Despite ongoing uncertainty and volatility in the region’s financial sector, transaction bankers are optimistic about trade in the region in the face of a US recovery and anticipated volume growth.
The positive long-term growth trajectory of Asia is keeping transaction bankers bullish about prospects in the region. This is not to say that all is well—bankers have still to navigate substantial headwinds. The recent turmoil in the emerging markets over concerns of the imminent easing of monetary stimulus in the US brings into focus the dislocation that excessive global liquidity can wreak on the small and underdeveloped economies in the region.
Increased volatility in capital flows around the region can be expected in the coming months, which will further depress domestic demands and growth, especially in economies with current account deficits and which are dependent on foreign capital inflows, such as India and Indonesia. However, the prognosis for the more developed economies in the region, such as Singapore, Hong Kong and Korea is more positive. These countries are more likely to benefit from recovery in the US and Japan, which will boost external demand. Globally, the developed economies seem to be on a stronger footing and that bodes well for Asia’s open economies.

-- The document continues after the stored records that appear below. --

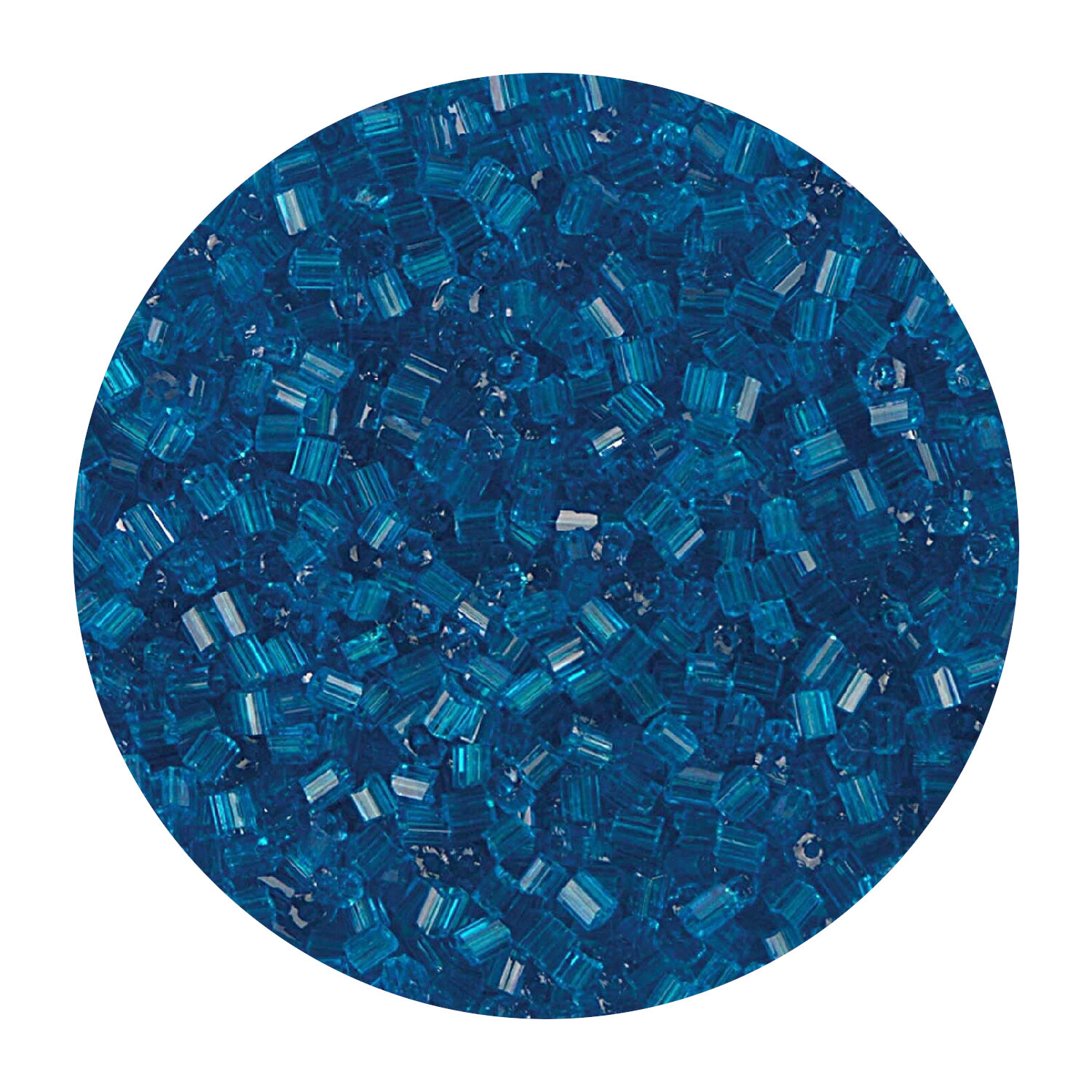 Rocailles-Perlen 2Cut, 2 mm, 14 g, Trkis Irisierend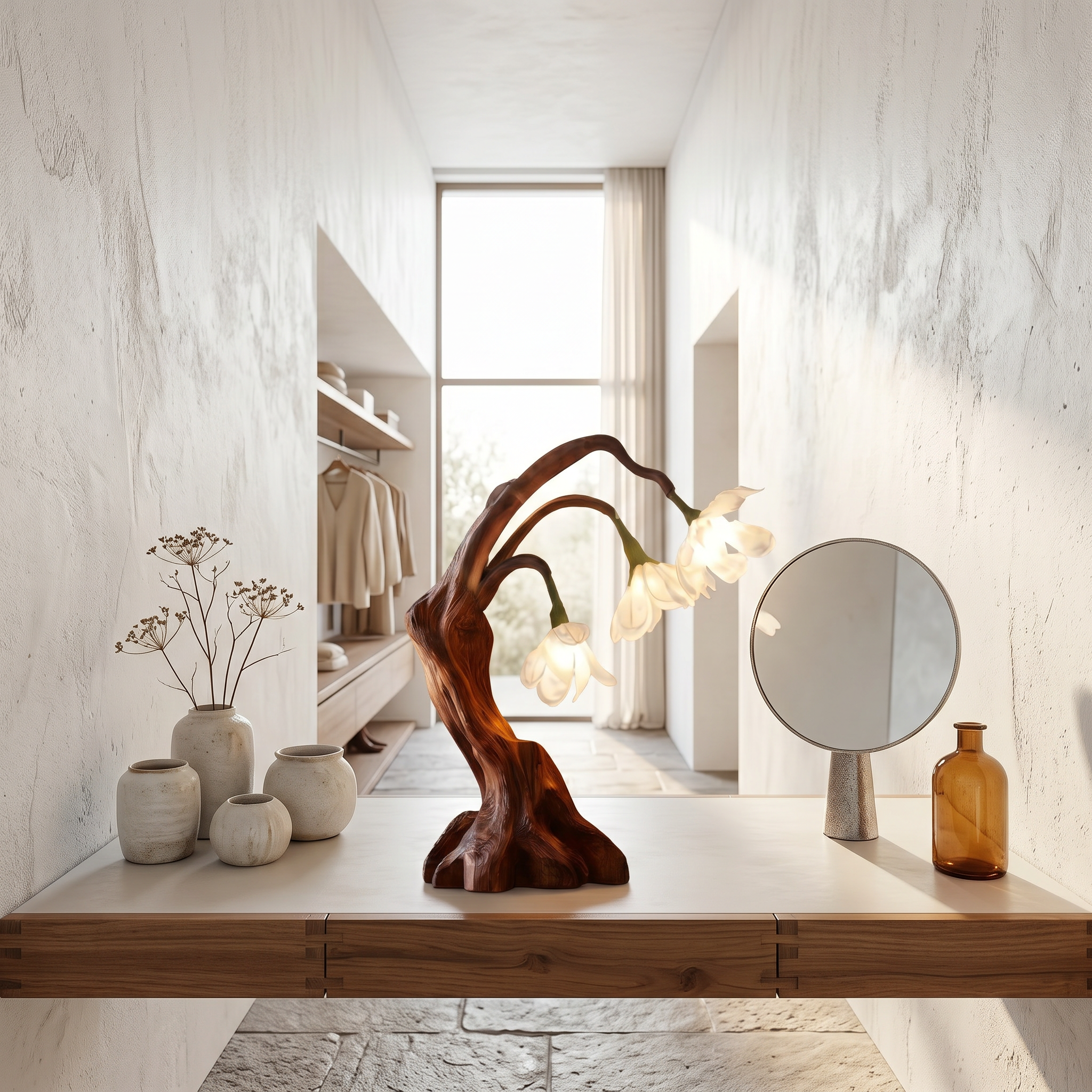 Modern Floral Table Lamp With Sculptural Driftwood Base For Bedroom And Living Room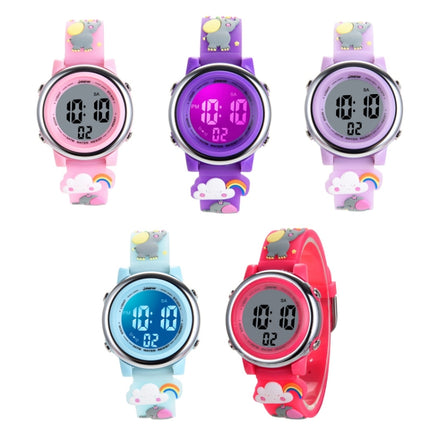 JNEW A380-86664 Children Cartoon 3D Happy Small Elephant Alarm Waterproof Sports LED Digital Watch(Light Purple)-garmade.com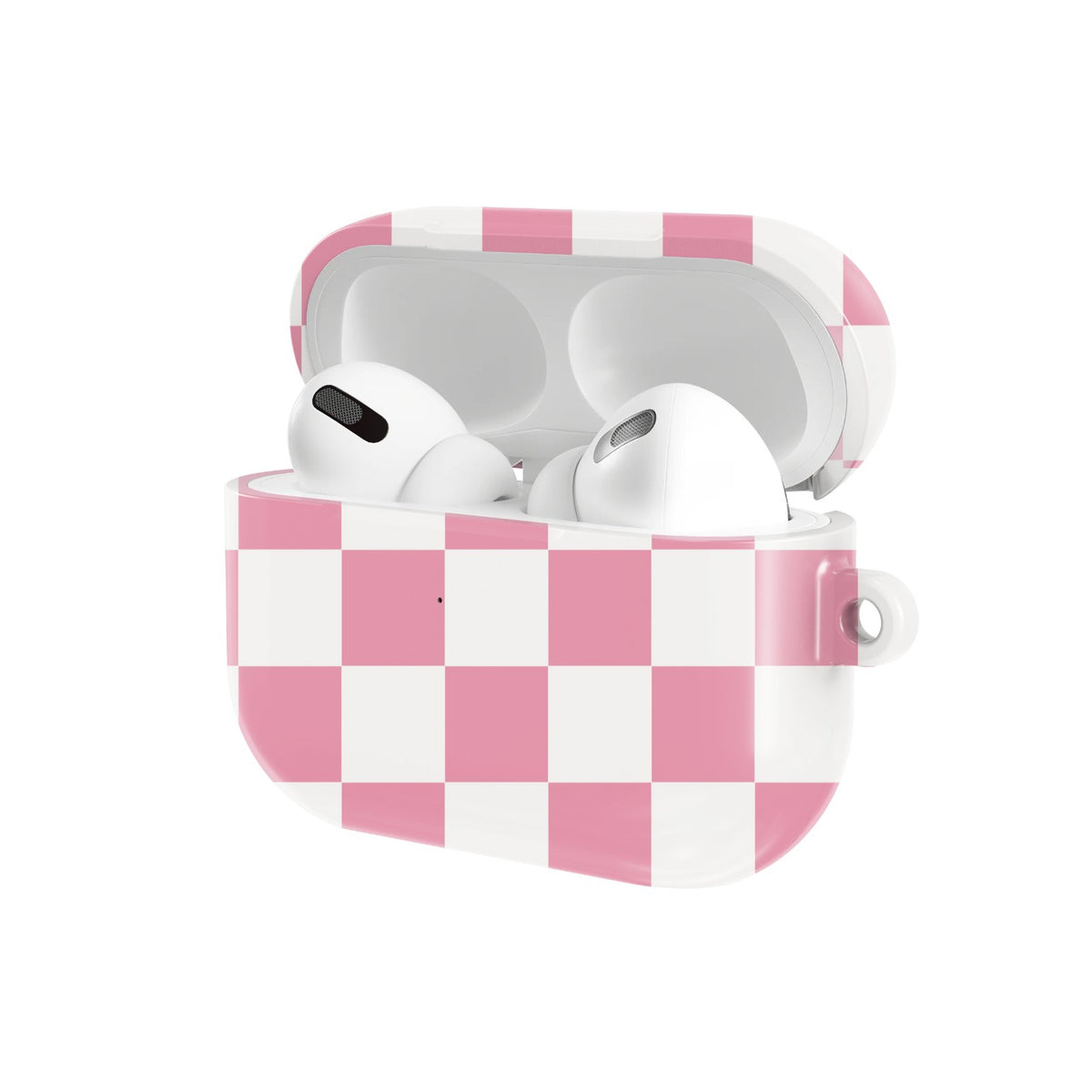 Rose & White Checkerboard AirPods case — hard-shell earbuds cover, open angled view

After years of stagnation, Japan’s economy seems to have been revitalised from the stimulus programme promulgated by prime minister Shinzo Abe’s new expansionist policies. Even Korea is showing signs of growth.
However, the longer term moderation of growth in China, as it focuses on strengthening its underdeveloped financial system and infrastructure, will perhaps have a greater dampening effect on the region, especially for countries such as Australia and Indonesia which are major exporters of raw material to China. However, a slower pace of growth in China may not be altogether bad—transaction bankers are generally positive about prospects, especially in trade.
“Although China’s accelerated growth in the last three years may normalise, we are still bullish about trade. There has been significant margin compression, but it has been compensated to some extent by an increase in volume. Trade is an integral part of the economy in Asia and it will continue to be a key focus for banks. Our focus and capabilities in trade have enabled us to outperform the market in terms of volume growth,” said Sameer Sawhney, managing director and head of global transaction banking at ANZ.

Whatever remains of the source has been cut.